With budget season looming, now is a great time to get organized and develop a strategy that is responsive to your tenant needs and the financial goals of ownership. In working with hundreds of property teams across the country, we have identified the following common strategies that will help you stay ahead of the curve during budget season.
Listen to your tenants
Review the results of your annual tenant survey and prioritize projects that will improve tenant satisfaction and retention. For example, if tenants are concerned about low lighting levels in the parking garage, propose the installation of LED lighting fixtures to improve lighting quality and reduce ongoing energy and maintenance costs. If tenant spaces are “stuffy,” investigate opportunities to enhance the control of your building's ventilation system.
Look beyond capital-intensive projects
Incorporate low-cost operational improvement opportunities into your capital budget. Consider engaging an operations professional to dig deep and identify opportunities to close the operational performance gap by reducing energy and water waste.
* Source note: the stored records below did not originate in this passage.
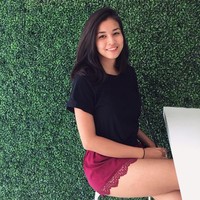 Selain banyak anggapan bahwa unggahan fotonya itu adalah dua orang yang berbeda, tak sedikit netizen juga menganggap Aleksis telah melakukan operasi plastik demi penampilan menakjubkannya itu. Foto: Instagram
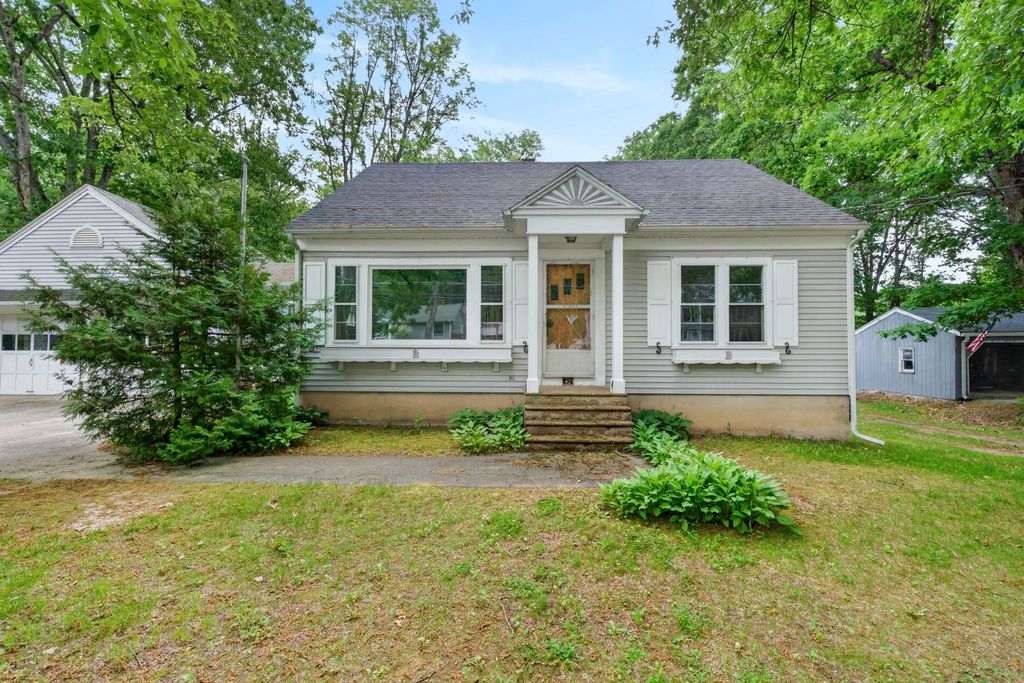 Photo of 42 Oak Street, Rochester, NH 03839 (MLS # 5094496)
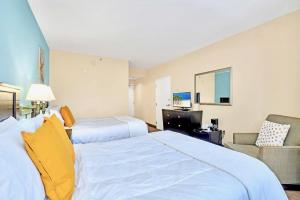 Studio with Hot Tub & Pool Near Universal Studios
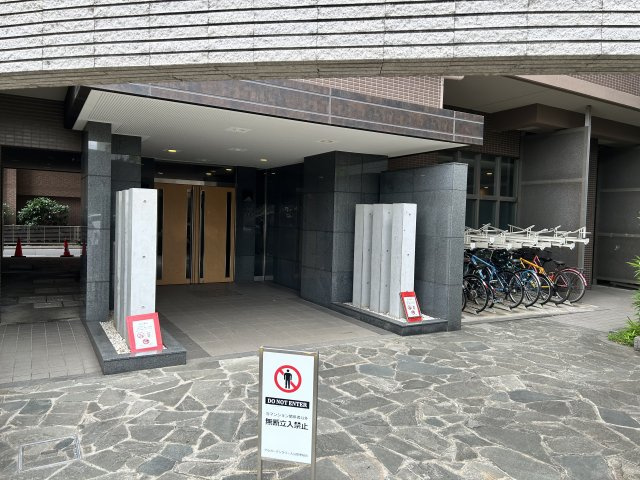 アルカーデンタワー入谷のエントランス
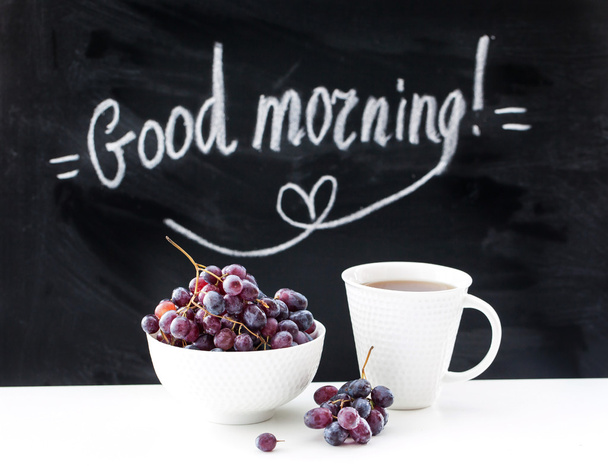 Caneca de café e uva fresca na mesa
 - Foto, Imagem
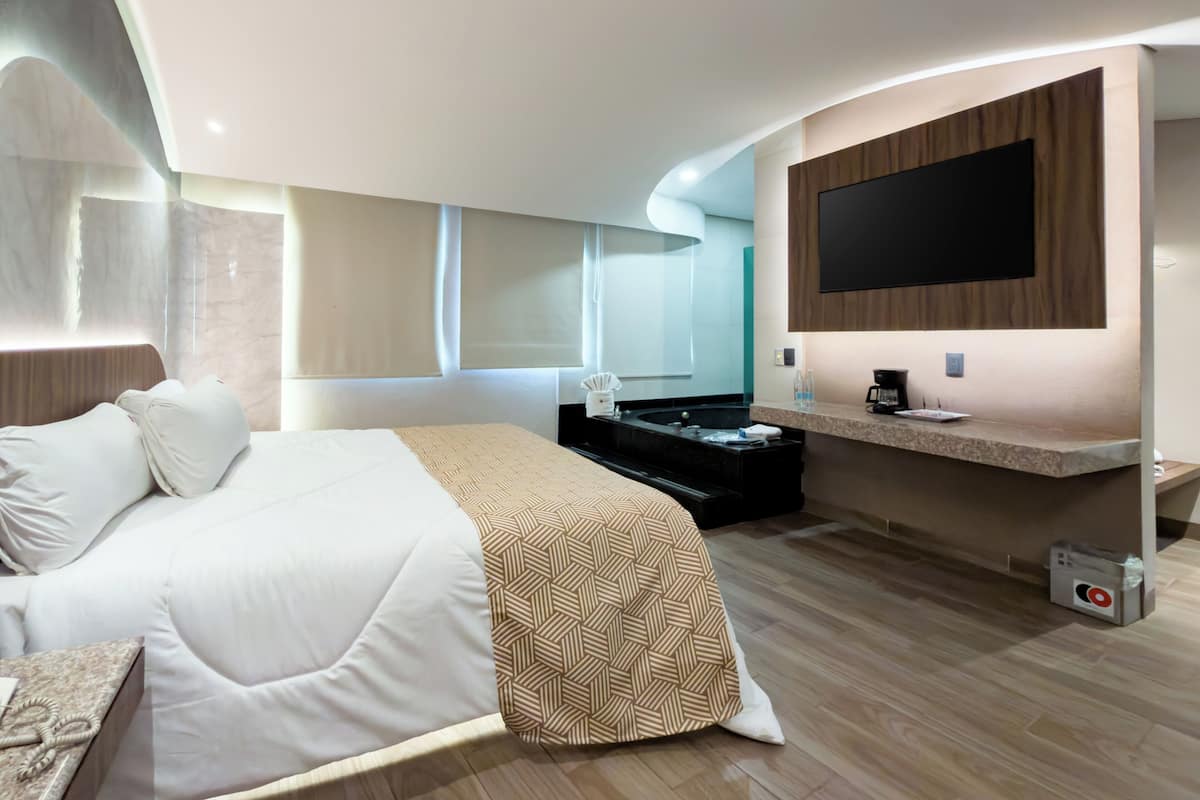 Chambre Deluxe, baignoire à jets | Literie de qualité supérieure, bureau, fer et planche à repasser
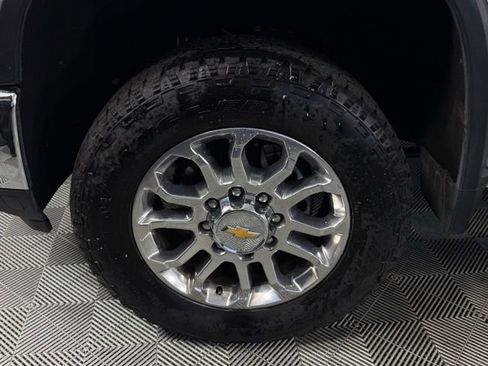 Used 2024 Chevrolet Silverado 2500 LTZ w/ LTZ Convenience Package image 15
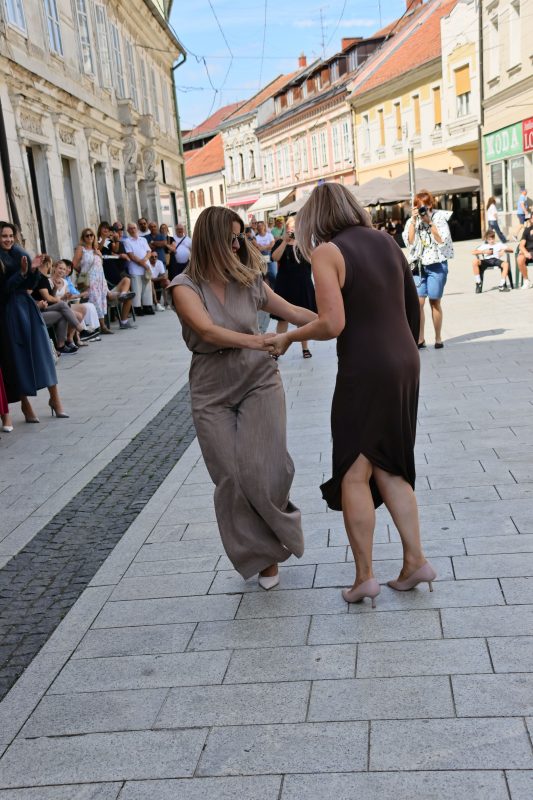 humanitarna revija "Korak dobrote"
As a starting point, consider the following opportunities:
Operational Improvements with Quick Returns
(Payback periods typically less than one year)
- Adjust equipment operating schedules to align with standard tenant lease hours
- Optimize air- and water-side economizers during the “shoulder” months
- Program enhanced control sequences into the building automation system (BAS)
- Control air leakage from openings in the building envelope (i.e., HVAC ducts, penetrations, and doors) to reduce the building stack effect
- Enhance HVAC equipment maintenance practices to improve system efficiency (i.e., cleaning AHU coils, repairing leaking valves, etc.)
- Replace existing incandescent or outdated fluorescent lamps (i.e., T8/T12 tubes) with higher efficiency LED or fluorescent lamps, rather than wholesale fixture replacements
- Install lighting controls, such as occupancy sensors for interior spaces and photometric controls for exterior lighting
- Install low-flow aerators on lavatory faucets and low-flush valves on toilets and urinals
Meet with your utility account representative
As you are developing a list of projects to propose for your budget, schedule a meeting with your utility account representative to align available utility incentives with your projects. Inquire into upcoming utility programs that you can leverage for future projects. Ask your utility representative if program funding is typically available throughout the year or if funding is limited, as you may need to plan your project implementation schedule around program funding cycles. Before parting ways, schedule your next meeting so that you can stay apprised of program funding levels and new opportunities.
Ensure competitive pricing
Coordinate with your engineering team or an operations professional to develop a detailed scope of work for each project. Request a minimum of three proposals for each project, as project costs can often vary by more than 200% among contractors for the same project. When requesting proposals, provide your project scope of work and ask contractors to:
- Separate their product/material and labor costs
- Provide detailed savings calculations with assumptions
- Incorporate available utility incentives into their costs and facilitate the utility incentive application process
- Provide references for similar projects
Providing clear direction to contractors will result in an apples-to-apples comparison of services and costs, minimize time spent clarifying proposal details, and ensure competitive pricing is received.
Leverage your peer network
Reach out to your colleagues and peers (i.e., through BOMA, IREM, IFMA, and other organizations) who have implemented similar projects at their properties. Discuss their experience working with local contractors and lessons learned to avoid potential complications down the road.
Present the business case and value-add
When developing your budget, include the estimated savings and ROI/payback period for each project to demonstrate the business case. Coordinate with your Chief Engineer to review the project details so that you both can clearly communicate the value-add to ownership. Invite your Chief Engineer to participate in the budget review meeting with ownership to help present the projects. This will show that your team has bench strength and is cohesive and collaborative.